Linus mergulhou no pântano e, em poucos segundos, desapareceu em seu interior. Jaquie já começando a perder a consciência tentava se manter lúcida.

— Krol — Choramingou a garota —, eu não quero ser exilada.

— Você não vai ser — disse Krolle — Tem uma coisa que eu gostaria de testar, mas vou te pedir para não contar para ninguém.

— Seja o que for, juro que não direi — Respondeu.

O pequeno crocodilo fechou os olhos e mergulhou a mão escamosa no mangue. A garota observou quando a água começou a percorrer o braço do menino, emitindo uma fraca luz azulada. Krolle levou a mão até o ferimento e todo líquido que subira por seu membro se realocou para a cauda da garota criando uma camada sobre suas escamas. A visão daquele milagre foi surpreendente e aterrorizante para Jaquie que não conseguiu se manter consciente e acabou desmaiando.

Krolle, não viu como aconteceu, apenas sentiu. Uma sensação de completude se espalhou pelo seu corpo e ele se deixou guiar pelo puro instinto. Levantou a cauda partida da crocodila e ordenou que as águas unissem o ferimento. Vasos sanguíneos, músculos, cartilagens, carne e escamas foram reconstruídos deixando apenas uma fina cicatriz no local.

Linus já sem fôlego devido à correria, chegou acompanhado de sua mãe, momentos depois e se deparou com Jaquie com o rabo curado e Krolle desmaiado junto a amiga.

— Ele não sobreviverá muito tempo — Krolle ouviu uma voz distante que invadia seu sono dizer — Temos que escondê-lo a vista de todos.
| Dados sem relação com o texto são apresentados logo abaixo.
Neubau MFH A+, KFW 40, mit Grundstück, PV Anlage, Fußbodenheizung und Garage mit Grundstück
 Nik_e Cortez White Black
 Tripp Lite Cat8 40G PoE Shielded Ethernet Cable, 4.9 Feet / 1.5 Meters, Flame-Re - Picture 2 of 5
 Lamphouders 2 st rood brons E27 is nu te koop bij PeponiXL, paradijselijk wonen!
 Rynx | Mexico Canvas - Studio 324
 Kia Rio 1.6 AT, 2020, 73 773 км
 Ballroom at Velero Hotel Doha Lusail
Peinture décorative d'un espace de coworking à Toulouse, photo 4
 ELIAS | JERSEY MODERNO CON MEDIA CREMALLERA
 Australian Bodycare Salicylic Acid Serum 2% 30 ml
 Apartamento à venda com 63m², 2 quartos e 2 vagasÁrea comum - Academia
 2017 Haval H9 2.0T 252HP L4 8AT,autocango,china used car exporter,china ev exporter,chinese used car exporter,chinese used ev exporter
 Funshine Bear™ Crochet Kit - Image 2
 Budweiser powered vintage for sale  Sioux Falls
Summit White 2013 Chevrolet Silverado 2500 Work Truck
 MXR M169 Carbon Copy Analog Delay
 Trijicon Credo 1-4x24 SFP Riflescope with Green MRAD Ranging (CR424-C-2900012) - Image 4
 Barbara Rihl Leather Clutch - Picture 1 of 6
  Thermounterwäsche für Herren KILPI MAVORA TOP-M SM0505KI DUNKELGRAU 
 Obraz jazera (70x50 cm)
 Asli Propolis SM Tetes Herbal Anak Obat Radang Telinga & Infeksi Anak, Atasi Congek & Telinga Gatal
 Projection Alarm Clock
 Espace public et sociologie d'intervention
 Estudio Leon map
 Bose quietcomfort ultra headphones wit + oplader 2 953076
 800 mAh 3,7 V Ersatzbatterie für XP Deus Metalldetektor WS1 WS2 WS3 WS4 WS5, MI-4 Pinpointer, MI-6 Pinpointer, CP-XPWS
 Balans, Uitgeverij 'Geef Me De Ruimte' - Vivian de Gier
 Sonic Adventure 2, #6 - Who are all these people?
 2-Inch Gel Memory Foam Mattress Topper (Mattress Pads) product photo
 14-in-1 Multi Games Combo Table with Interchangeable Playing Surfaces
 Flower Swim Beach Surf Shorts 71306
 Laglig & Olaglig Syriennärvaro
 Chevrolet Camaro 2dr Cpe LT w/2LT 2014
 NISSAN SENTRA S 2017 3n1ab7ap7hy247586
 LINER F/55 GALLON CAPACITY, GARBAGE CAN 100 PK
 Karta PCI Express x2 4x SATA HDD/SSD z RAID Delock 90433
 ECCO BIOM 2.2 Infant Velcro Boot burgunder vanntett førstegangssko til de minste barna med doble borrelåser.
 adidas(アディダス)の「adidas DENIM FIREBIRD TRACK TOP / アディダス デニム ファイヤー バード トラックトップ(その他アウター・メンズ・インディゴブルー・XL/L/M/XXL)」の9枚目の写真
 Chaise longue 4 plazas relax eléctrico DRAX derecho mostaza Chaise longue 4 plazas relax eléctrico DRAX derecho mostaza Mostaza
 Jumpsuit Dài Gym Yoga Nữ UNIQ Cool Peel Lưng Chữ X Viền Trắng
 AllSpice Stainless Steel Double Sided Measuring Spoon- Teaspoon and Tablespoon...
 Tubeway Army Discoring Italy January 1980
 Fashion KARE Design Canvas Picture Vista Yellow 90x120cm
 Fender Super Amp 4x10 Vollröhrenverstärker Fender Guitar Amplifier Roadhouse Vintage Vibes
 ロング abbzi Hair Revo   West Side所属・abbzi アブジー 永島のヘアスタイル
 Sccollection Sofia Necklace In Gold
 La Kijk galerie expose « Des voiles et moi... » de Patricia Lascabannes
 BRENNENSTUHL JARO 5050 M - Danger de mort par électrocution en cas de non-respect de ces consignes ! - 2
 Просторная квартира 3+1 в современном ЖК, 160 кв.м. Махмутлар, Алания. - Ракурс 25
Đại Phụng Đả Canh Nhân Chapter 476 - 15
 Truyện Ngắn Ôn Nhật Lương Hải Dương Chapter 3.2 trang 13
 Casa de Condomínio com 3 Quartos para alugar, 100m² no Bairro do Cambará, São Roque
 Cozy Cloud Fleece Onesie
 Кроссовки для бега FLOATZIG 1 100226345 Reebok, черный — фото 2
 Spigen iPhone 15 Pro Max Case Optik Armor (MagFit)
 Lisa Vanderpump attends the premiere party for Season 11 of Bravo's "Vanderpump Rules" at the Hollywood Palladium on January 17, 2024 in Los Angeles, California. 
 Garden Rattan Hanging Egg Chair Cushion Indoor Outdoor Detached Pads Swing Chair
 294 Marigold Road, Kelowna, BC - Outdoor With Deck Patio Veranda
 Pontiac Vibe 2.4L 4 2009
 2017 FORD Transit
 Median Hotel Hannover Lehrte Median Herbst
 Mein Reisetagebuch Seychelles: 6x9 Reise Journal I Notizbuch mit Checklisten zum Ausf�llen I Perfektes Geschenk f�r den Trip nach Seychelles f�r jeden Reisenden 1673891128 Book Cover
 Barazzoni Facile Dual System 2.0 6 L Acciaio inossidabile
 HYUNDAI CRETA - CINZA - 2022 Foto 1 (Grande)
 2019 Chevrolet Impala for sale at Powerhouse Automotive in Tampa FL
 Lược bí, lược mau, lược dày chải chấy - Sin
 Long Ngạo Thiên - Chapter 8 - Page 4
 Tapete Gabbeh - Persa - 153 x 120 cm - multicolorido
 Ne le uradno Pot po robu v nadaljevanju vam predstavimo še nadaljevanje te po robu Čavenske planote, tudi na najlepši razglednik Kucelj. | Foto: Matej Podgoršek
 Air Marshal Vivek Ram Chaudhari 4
— Ele é só uma criança — falou outra voz distante carregada de soluços e pesar. — Essa não é a vida que eu queria para o nosso bebê.

— É preciso Caucara! — afirmou a voz retumbante que ele reconheceria em qualquer lugar.

Krolle abriu os olhos encontrando seus familiares. A mãe cobria a grande e alongada boca segurando o choro, enquanto seu pai tentava desviar de seu olhar.

— O que está acontecendo? Como vim parar aqui em casa? Cadê a Jaquie? Ela está bem? — perguntou Krolle.

— Filho, temos algo muito importante para te falar — disse sua mãe —Vamos... Você vai... Eu não consigo fazer isso Kronk — falou para o marido enquanto se levantava para sair do quarto.

Kronk vendo a reação da esposa, sentou na cama e encarou seu filho.

— Krolle, você carrega dentro de si um poder incrível e perigoso. Por lei, teríamos que mandar o exército te sacrificar, mas não podemos fazer isso — falou seu pai procurando palavras para suavizar a gravidade da situação — Se você continuar por aí e espalharem a notícia que você controla as águas, eles virão te pegar. Por isso eu e sua mãe decidimos...

— Não estou entendendo papai, eu não fiz nada de errado!

— Eu sei que não fez... — falou Kronk segurando as lágrimas. — Decidimos te inscrever no exército real, assim você estará protegido debaixo do focinho deles — finalizou não contendo o choro.

Krolle não sabia como interpretar aquela afirmação. Ele teria que deixar sua família para servir o exército, o que poderia ter de ruim nisso?

Foi então que o inferno em sua vida começou.